Apple Computer (maker of the Macintosh computer systems) and Apple Corp (the music publisher founded by The Beatles) have been fighting over the right to use the Apple name and logo since about the mid 1980s. At the time, the companies reached a settlement that permitted Apple Computer to maintain its name and logo, providing it did not enter the music business or conduct any record sales or distribution.
Fast forward to 2002. Apple Computer launches the iTunes Music Store and proceeds to sell music electronically, direct to the public. Litigation ensues.
The latest spat of litigation took place in the English High Court, and considered whether Apple Computer was in breach of the terms of the companies’ earlier settlement. Judgment has just been handed down by Mann J:
‘I conclude that the use of the apple logo … does not suggest a relevant connection with the creative work. … I think that the use of the apple logo is a fair and reasonable use of the mark in connection with the service, which does not go further and unfairly or unreasonably suggest an additional association with the creative works themselves. … I find no breach of the trademark agreement has been demonstrated.

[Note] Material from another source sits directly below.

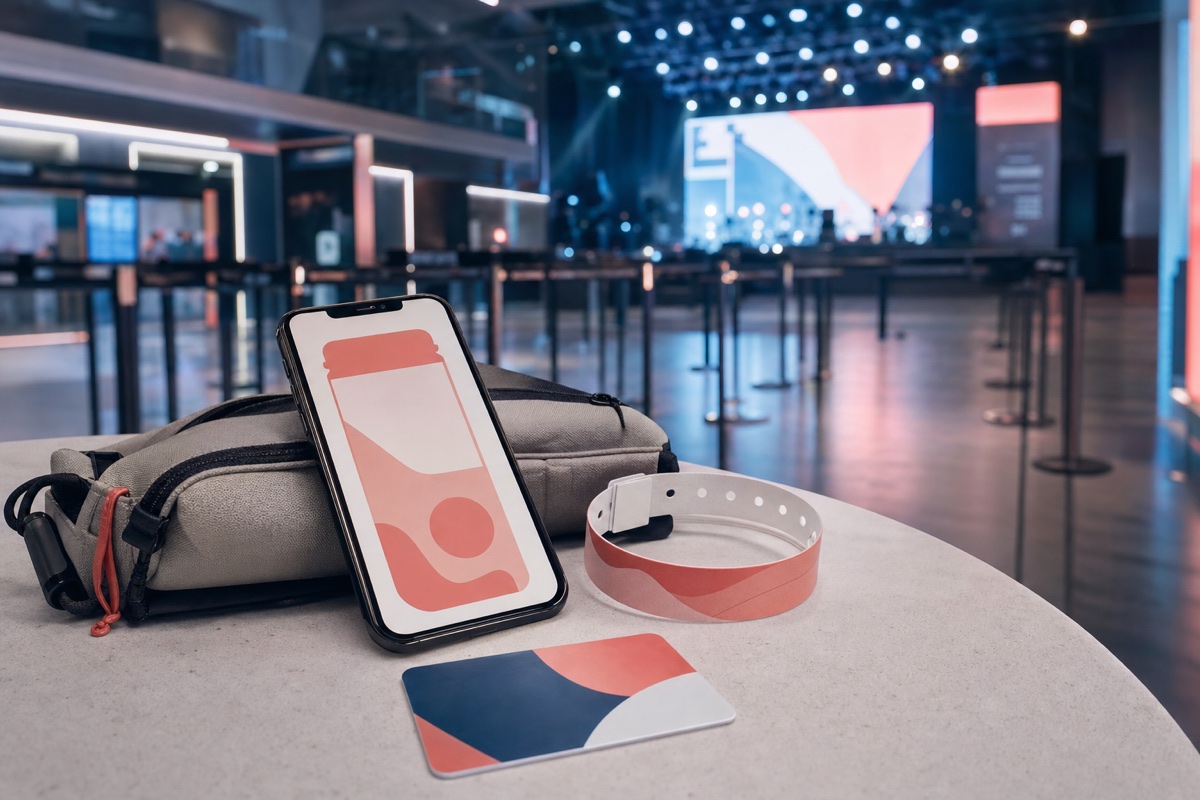 Abstract mobile ticket, wristband, and small bag at an event venue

The action therefore fails.”
One of the key factors relevant to this decision was that, when shown an early prototype of the system by Apple Computer, Apple Corp voiced no objections. This suggested that Apple Corp was pursuing the claim simply to prevent a competitor that has since become more successful than it had previously anticipated.
Interestingly enough, The Beatles’ complete discography will soon be available on iTunes — strange given that Apple Corp has vowed to appeal the decision. I suppose that plays testament to the unrivalled market dominance (if not the quality) of Apple Computer’s online music platform. More importantly, this proves that — whatever the magical fruit’s medicinal benefits — no amount of daily apple consumption can stave off inevitable litigation.